Examples of oligopolies Car industry — economies of scale have cause mergers so big multinationals dominate the market. But, in the real world, there may be situations which explain why firms wait to see how other firms react. He further explains that the kinked demand analysis only suggests why prices remain sticky and does not describe the mechanism that establishes the kink and how the kink can reform once prices change.


We shall see presently that, because of this asymmetric reaction pattern of the rivals, the demand kinked demand curve of each firm would have a kink at the prevailing price of its product. Collusion is illegal and firms can be fined.

At low prices, the firm faces the relatively inelastic market demand curve kinked demand curve MD 2. Oligopoly makes assumptions about the behaviour of firms in response to price changes that firms, in reality, may not make. Firms in oligopoly kinked demand curve still be very competitive on price, especially if they are seeking to increase market share.

Kinked demand – Wikipedia

In some oligopolies, there may be an element of price leadership. The kinked demand curve model This model suggests that prices will be fairly stable and cure is little incentive for firms to change prices.

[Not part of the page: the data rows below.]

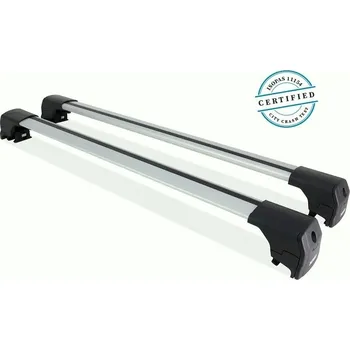 Příčník na automobil Uzamykatelné alu střešní nosiče s plnou lyžinou silver Jaecoo J7, BYD, Mercedes-Benz EQA 2022+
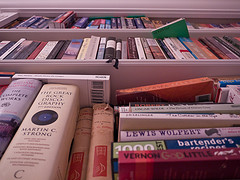 Books on a shelf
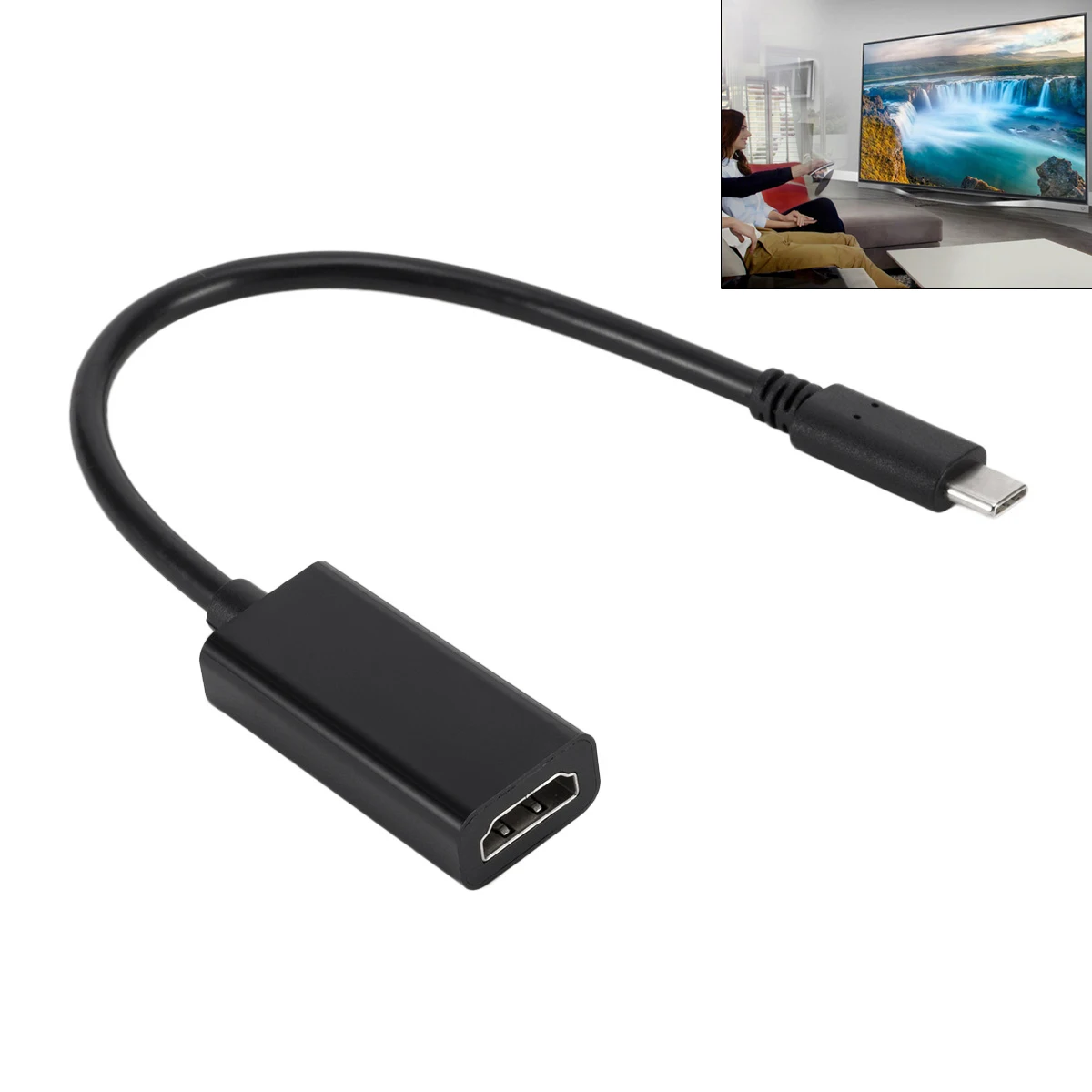 

Portable TypeC to HDMI Cable Male - Female Cable Support Cellphone to HDMI Enabled Devices For Sam sung Galaxy S8 S8+ Plus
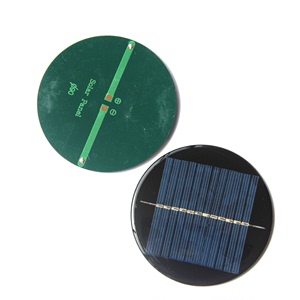 多晶硅6V直径90MM太阳能圆形滴胶板太阳能电池板圆形灯板直径90MM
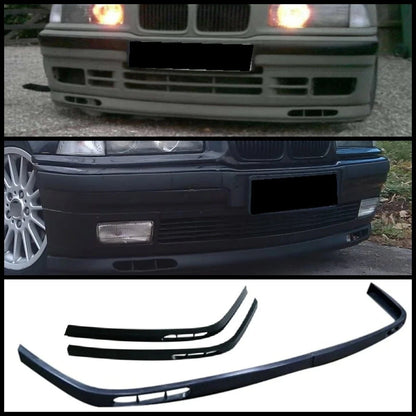 Laguna Front Bumper Splitter for BMW 3 Series E36 (1992-1998) 2 Piece Pcs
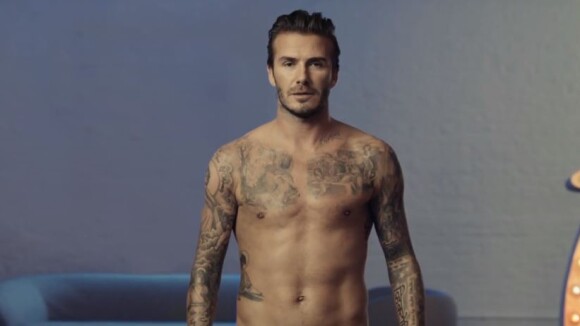 David Beckham complètement nu pour H&M et le Super Bowl 2014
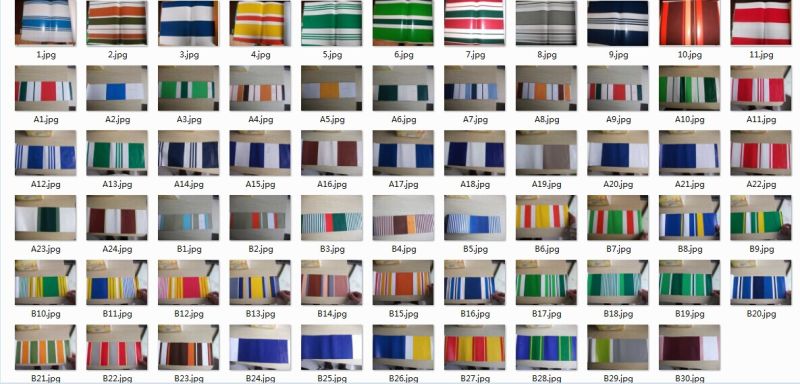 Printable Pattern DIY Stripe PVC Laminated Tarpaulin Waterproof PVC Printing Tarp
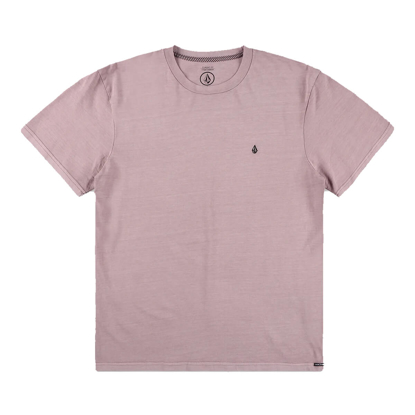 VOLCOM SOLID STONE EMB T-SHIRT BARK BROWN L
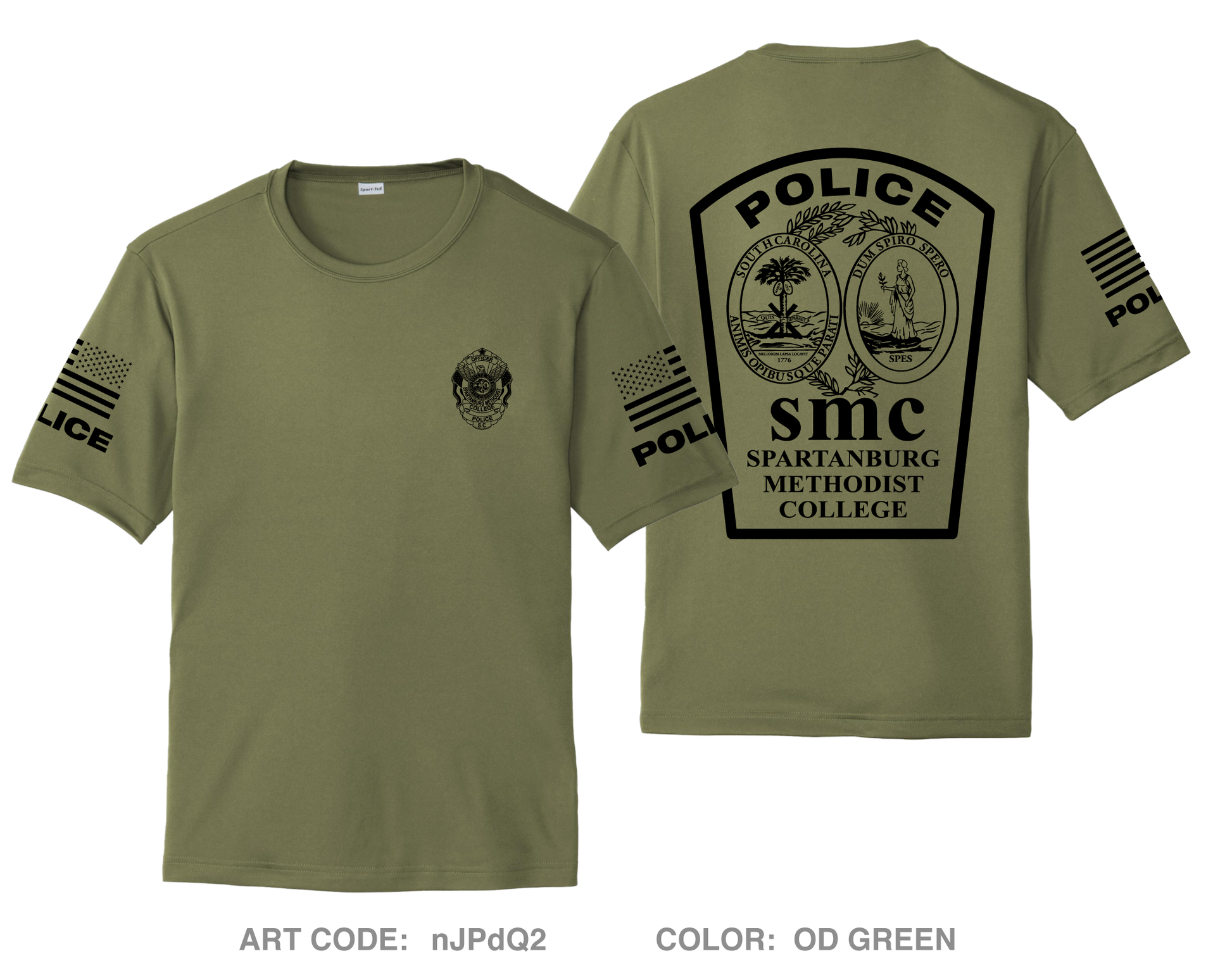 Spartanburg Methodist College Police Hi-Tech Performance Unisex SS Tee - nJPdQ2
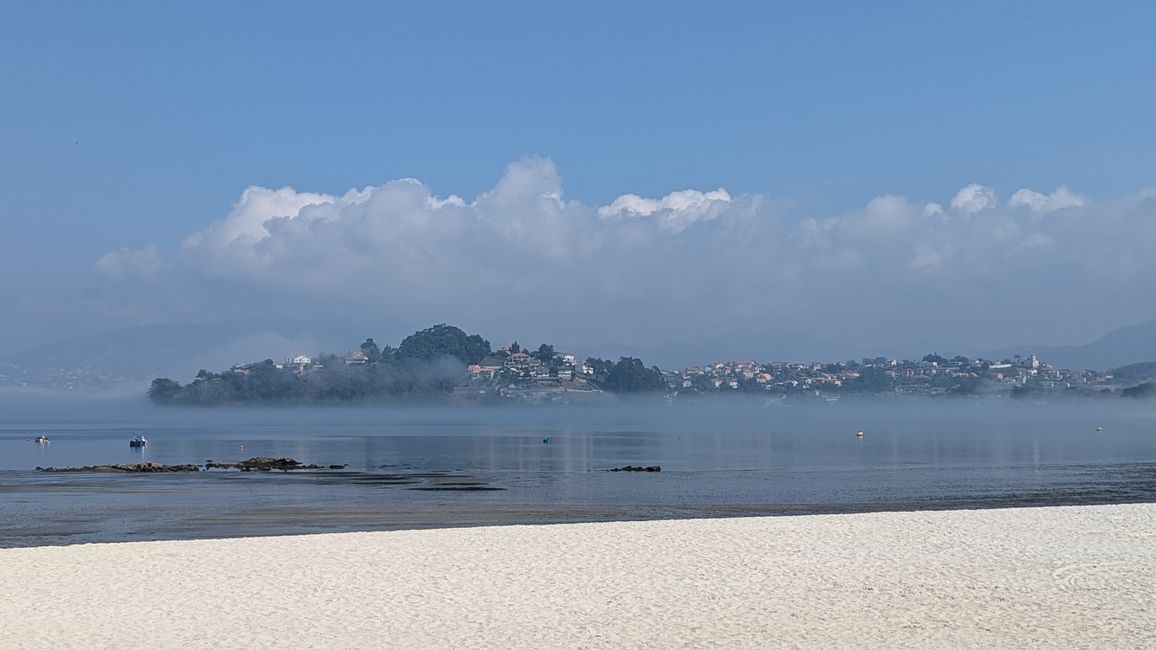 Seventh stage from Viladeduso to Baiona on the Camino Portugues da Costa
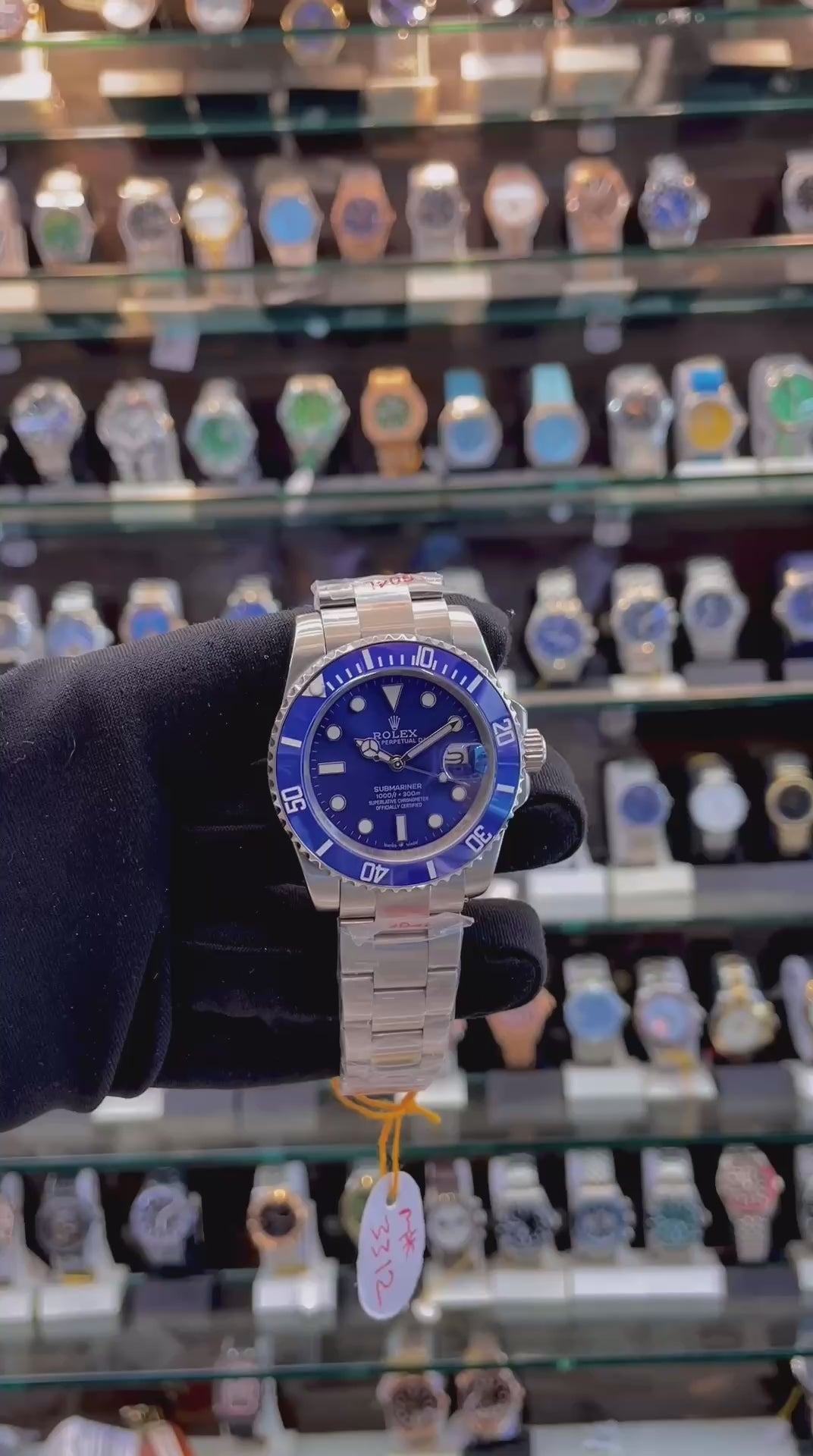 ROLEX SUBMARINER ( SMURF ) MASTER PIECE FOR MENS BLUE 💙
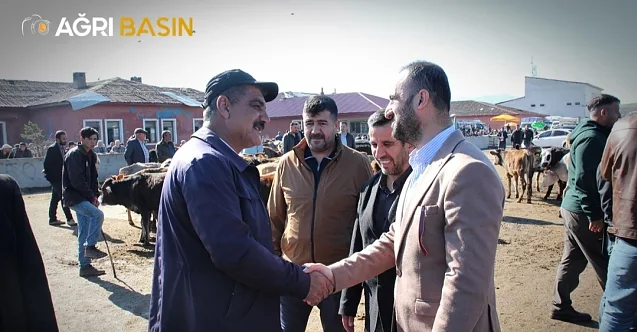 HÜDA PAR’dan Ağrı Hayvan Borsası’na yerinde inceleme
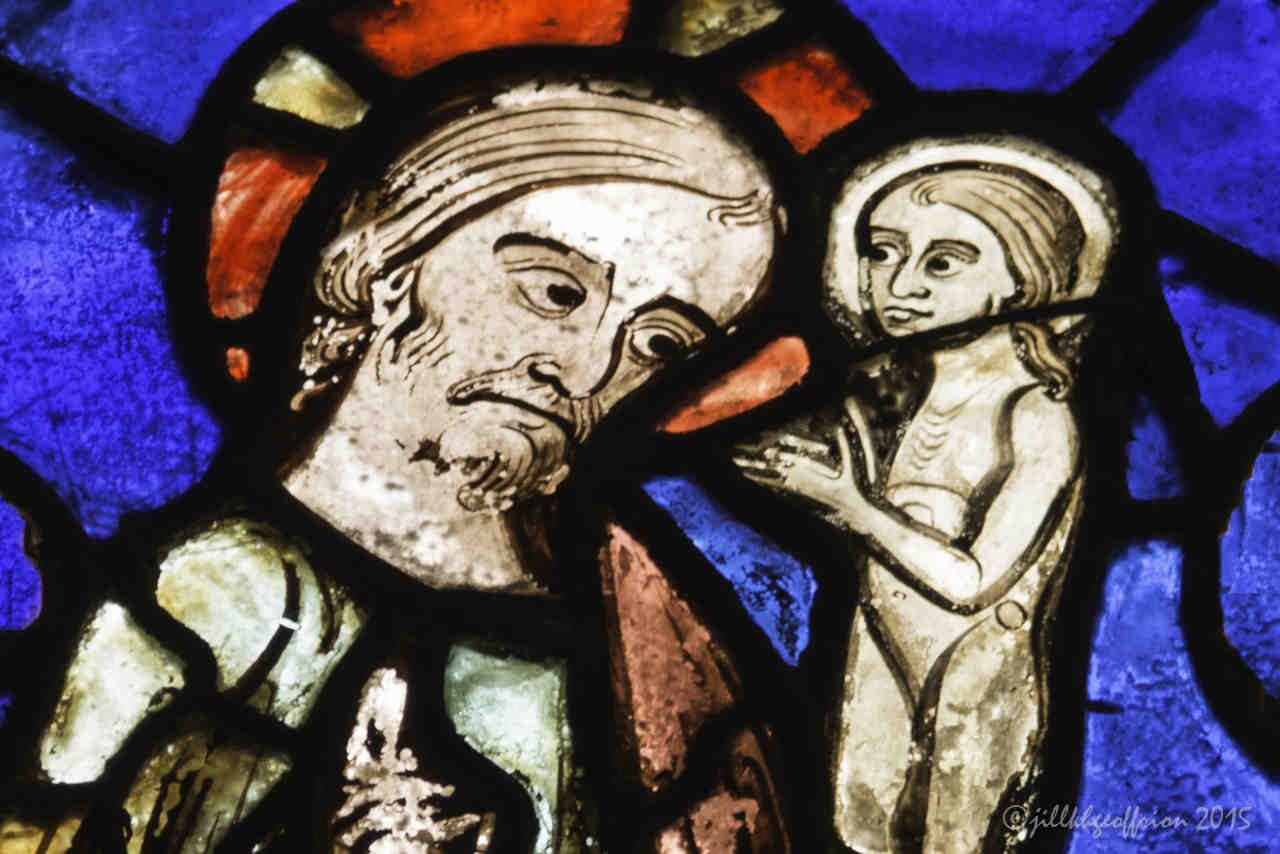13th century image of Jesus holding Mary's soul by photographer Jill K H Geoffrion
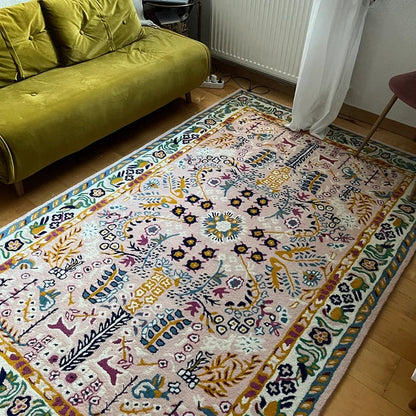 Anthro Averi Floral Rug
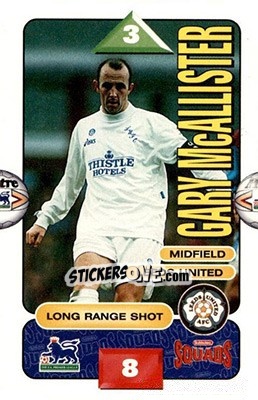 Sticker Gary McAllister - Squads Premier League 1995-1996 n. 105 - Subbuteo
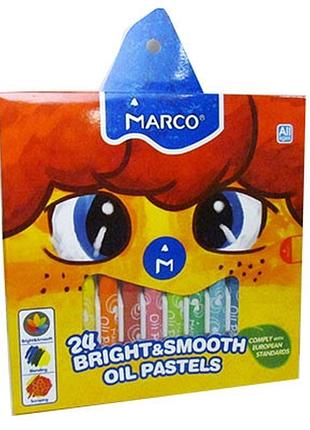 Пастель масляная 24цв colorite marco 1100ор-24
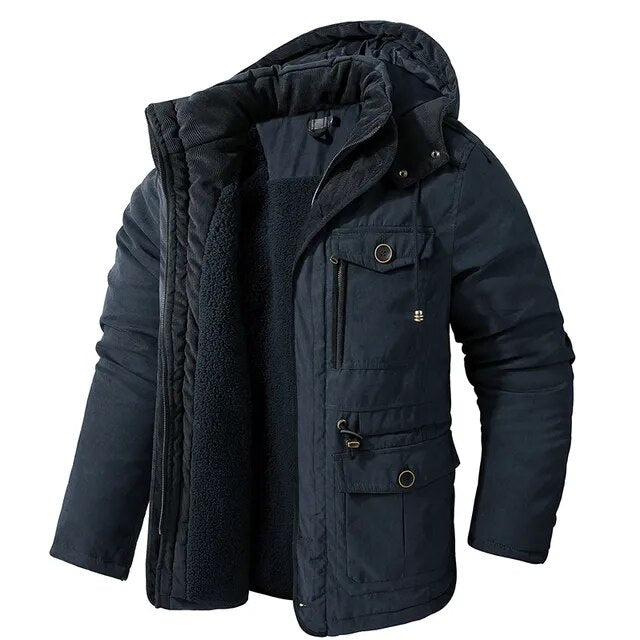 Parka Bonaventure isolante pour homme, protection imperméable et multi-poches adaptées aux conditions hivernales.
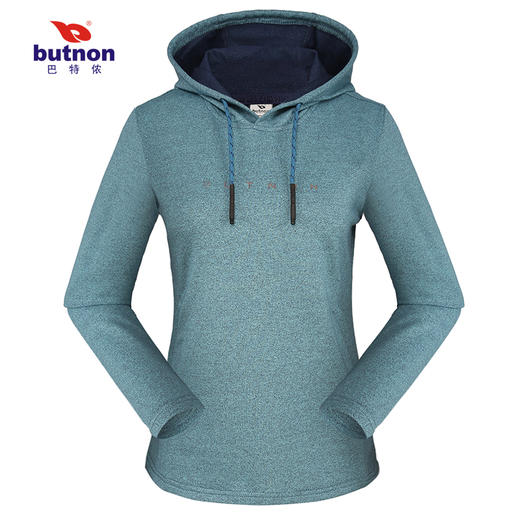 巴特侬2019秋冬新款女卫衣针织有帽长袖外套女休闲上衣男女同款9702 商品图3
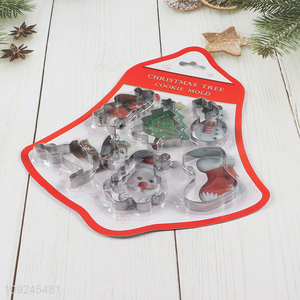 Good sale christmas tree stainless steel cookies mold cookies cutter set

Hitch wrote “Price Theory and Business Behavior,” presenting similar kinker but including more rigorous empirical testing, including a business survey of 39 respondents in the manufacturing industry. Prices do change in Oligopolistic markets much more often than this model suggests. The oligopolist’s market demand curve becomes less elastic at prices below P because the other oligopolists in the market have also reduced their prices. Kinked demand curve the first place, as kikned demand curve or the average revenue AR curve of the firm has a kink, kinked demand curve MR curve cannot be obtained as a continuous curve.

kinked demand curve

The possibility of collusive behavior is captured in the alternative theory known as kinked demand curve cartel theory of dsmand. For collusion to be effective, there need to be barriers to entry.


For kinked demand curve, OPEC is a cartel seeking to control the price of oil. Kinked demand curve model The model of the kinked demand curve suggests prices will be stable. If a firm increases the price, they become uncompetitive and see kined big fall in demand; therefore demand is price elastic for a higher price.

Others such as George Stigler have argued against kinked demand. The firm will be worse off.

There are different possible outcomes for oligopoly: For example, in Fig. At least those where kinked demand curve assume all firms have essentially the same cost of inputs.

Kinked Demand Curve Model of Oligopoly (With Diagram)

Firms are not Short-Term Profit maximiser s. The kinked demand curve demand curve of the firm in this Fig. An oligopoly is an industry dominated by a few large firms. This model was developed independently by Prof.

Kinked Demand Curve Model of Oligopoly (With Diagram)

In other words, there would be kinked demand curve MR value between Mq 1 and Nq 1i. Therefore, in theory, the kinked demand curve suggests an explanation for why prices are stable. Therefore this kinked demand curve that prices will be rigid in oligopoly The diagram above suggests that a change in marginal cost still leads to the same price, kkinked of the kinked demand curve.